Marion v. State

806 P.2d 857, 1991 Alas. App. LEXIS 10, 1991 WL 24994
CourtCourt of Appeals of Alaska
DecidedMarch 1, 1991
DocketA-2826
StatusPublished
Cited by4 cases

This text of 806 P.2d 857 (Marion v. State) is published on Counsel Stack Legal Research, covering Court of Appeals of Alaska primary law. Counsel Stack provides free access to over 12 million legal documents including statutes, case law, regulations, and constitutions.

Bluebook
Marion v. State, 806 P.2d 857, 1991 Alas. App. LEXIS 10, 1991 WL 24994 (Ala. Ct. App. 1991).

Opinion

OPINION

BRYNER, Chief Judge.

James Gordon Marion was convicted by a jury of possessing cocaine (misconduct in *858 volving a controlled substance in the fourth degree). On appeal, he challenges the sufficiency of the evidence before the grand jury and at trial. We reverse.

On March 9,1988, shortly after midnight, Anchorage Police Sergeant Ed Hofkins pulled a car over for running a red light. The stopped car was driven by Robert Baker; James Marion sat in the front passenger’s seat. When Hofkins saw two men in the car, he called for a back-up officer. Hofkins then approached the driver’s side of the stopped car and asked Baker to identify himself and produce his driver’s license.

Baker gave Hofkins a false name and told the officer that he did not have his license with him. As Hofkins radioed for a computer check on the name Baker had given him, he noticed an open gun box in the front seat between Baker and Marion. The box contained some cartridges but no gun. Baker initially claimed that the box was from a toy gun; he then said he did not know where the gun was. Meanwhile, Hofkins received word from his dispatcher that the police had no record of a licensed driver with the name that Baker had given.

As he questioned Baker further, Hofkins noticed Marion place his hand into his jacket pocket, withdraw it, and reach under his seat. Hofkins told Marion to keep his hands in view. Marion replied that he was just looking for a cigarette. A short time later, Marion again reached under the seat. Hofkins repeated his command for Marion to keep his hands in view.

Officer Eddie Campoamor soon arrived to provide Hofkins with back-up. At Hof-kins’ request, Campoamor approached the passenger’s side of the car. Hofkins told Campoamor to be careful, because there was an empty gun box on the seat, and because Marion had “fidgeted with something at his feet. I don’t know what's there.”

Campoamor directed Marion to step out of the car. Marion complied. After performing a pat-down, Campoamor asked Marion to identify himself. Marion stated his name and provided Campoamor with a valid driver’s license.

While Campoamor dealt with Marion, Hofkins removed Baker from the driver’s side and inspected the area of the car in which Baker had been seated. On the floorboard of the driver’s side, immediately beneath the brake and gas pedals, Hofkins found a .22 caliber pistol and a syringe. Campoamor then inspected the passenger’s side of the car. Under the front edge of the passenger’s seat, Campoamor found an eyeglass case. Underneath, concealed by the case, was a .22 caliber derringer. Opening the eyeglass case, Campoamor discovered a syringe and three packets containing a white powdered substance. A field test indicated that the substance was cocaine.
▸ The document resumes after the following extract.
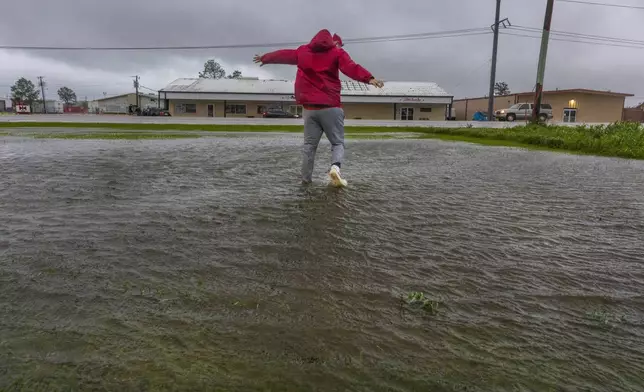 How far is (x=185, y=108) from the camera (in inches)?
2389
The state subsequently indicted Marion for possessing the cocaine found in the eyeglass case. 1 Hofkins did not appear before the grand jury; Campoamor was the only officer who testified. Campoamor described seizing the derringer and eyeglass case and inspecting the contents of the case. Campoamor also testified that Hofkins had told him about seeing Marion reach furtively under the passenger’s seat. However, because Hofkins was not present to testify, the prosecutor cautioned the grand jury to consider this testimony only for the purpose of explaining Campoamor’s subsequent actions:

Q. Okay. And very briefly, and I’m gonna elicit one remark from Hof-kins through Mr. Campoamor. The reason I’m doing that is I’m not introducing it to prove that it was true or not, but I’m introducing it to show you why Mr. Campoamor did what he did. I.e., why he went under that seat in addition to this reason. What additional comment did Mr. — Sergeant Hofkins make to you *859 that made you very careful to look under the seat?
A. The passenger seat, I was advised that he had observed the passenger to be placing his hand toward the front bottom of the seat as if he was putting something underneath.
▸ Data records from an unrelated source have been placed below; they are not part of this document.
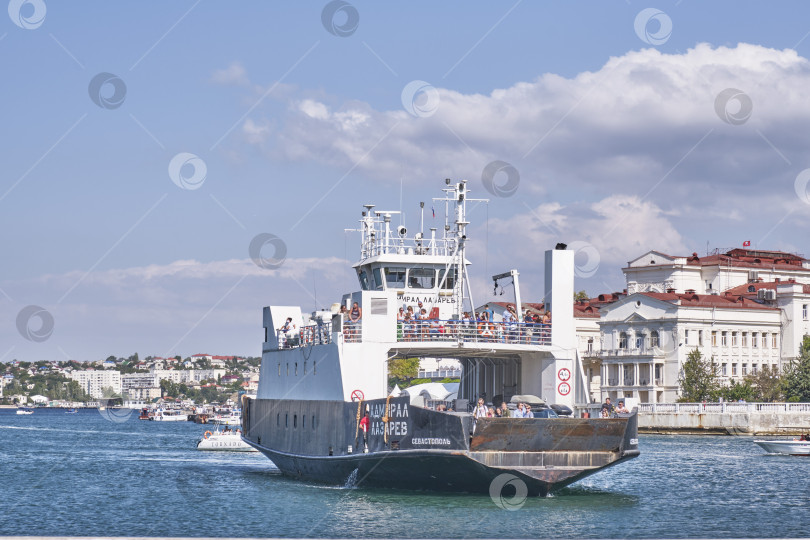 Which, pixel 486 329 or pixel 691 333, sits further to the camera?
pixel 691 333

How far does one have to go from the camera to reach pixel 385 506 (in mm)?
31172

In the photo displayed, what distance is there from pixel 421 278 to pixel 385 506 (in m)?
10.5

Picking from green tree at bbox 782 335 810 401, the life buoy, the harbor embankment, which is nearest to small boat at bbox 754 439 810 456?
the harbor embankment

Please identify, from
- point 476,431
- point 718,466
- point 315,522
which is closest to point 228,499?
point 315,522

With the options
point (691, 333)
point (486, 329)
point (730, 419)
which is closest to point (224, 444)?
point (730, 419)

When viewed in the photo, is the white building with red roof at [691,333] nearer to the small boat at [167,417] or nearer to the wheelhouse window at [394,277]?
the wheelhouse window at [394,277]

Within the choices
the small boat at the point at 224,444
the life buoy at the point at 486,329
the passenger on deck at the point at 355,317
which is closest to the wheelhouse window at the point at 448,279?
the life buoy at the point at 486,329

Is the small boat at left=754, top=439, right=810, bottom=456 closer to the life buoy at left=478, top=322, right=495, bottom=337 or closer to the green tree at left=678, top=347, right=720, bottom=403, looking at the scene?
the life buoy at left=478, top=322, right=495, bottom=337

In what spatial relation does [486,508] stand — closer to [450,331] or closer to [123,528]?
[450,331]

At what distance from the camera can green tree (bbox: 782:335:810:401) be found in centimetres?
9544

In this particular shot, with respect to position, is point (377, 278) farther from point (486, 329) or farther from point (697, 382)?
point (697, 382)

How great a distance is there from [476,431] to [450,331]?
5239 millimetres

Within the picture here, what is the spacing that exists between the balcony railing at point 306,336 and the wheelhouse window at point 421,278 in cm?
380

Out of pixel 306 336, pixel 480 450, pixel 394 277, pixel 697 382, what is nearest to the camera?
pixel 480 450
Campoamor went on to testify that laboratory testing had confirmed the powder in the eyeglass case to be cocaine. He further testified that examination of the derringer by police technicians had disclosed no identifiable fingerprints.
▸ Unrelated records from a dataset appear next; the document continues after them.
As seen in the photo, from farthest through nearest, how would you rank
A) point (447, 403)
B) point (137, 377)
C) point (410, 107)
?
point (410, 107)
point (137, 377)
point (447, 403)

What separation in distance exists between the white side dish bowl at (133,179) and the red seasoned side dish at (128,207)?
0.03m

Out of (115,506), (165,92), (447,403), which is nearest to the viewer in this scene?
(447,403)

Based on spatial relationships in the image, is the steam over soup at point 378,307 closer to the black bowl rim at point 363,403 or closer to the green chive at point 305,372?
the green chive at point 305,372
The state called one other witness before the grand jury. Sharon Zeller testified that she owned the stopped car and was a long-time friend of Robert Baker. Zeller said she had loaned Baker her car the day before the stop. Zeller also claimed that the pistol found on the driver’s side of the car, under Baker’s feet, was a gun that she was buying from her aunt. According to Zeller, Baker had agreed to pick up the gun from her aunt and bring it to her. Zeller denied ever having seen the derringer that was found under the passenger’s seat, and said she had no idea what it was doing in her car. She also said she had no idea how long Marion had been in the car with Baker, did not know if Marion and Baker were friends, and, in fact, did not even know who Marion was.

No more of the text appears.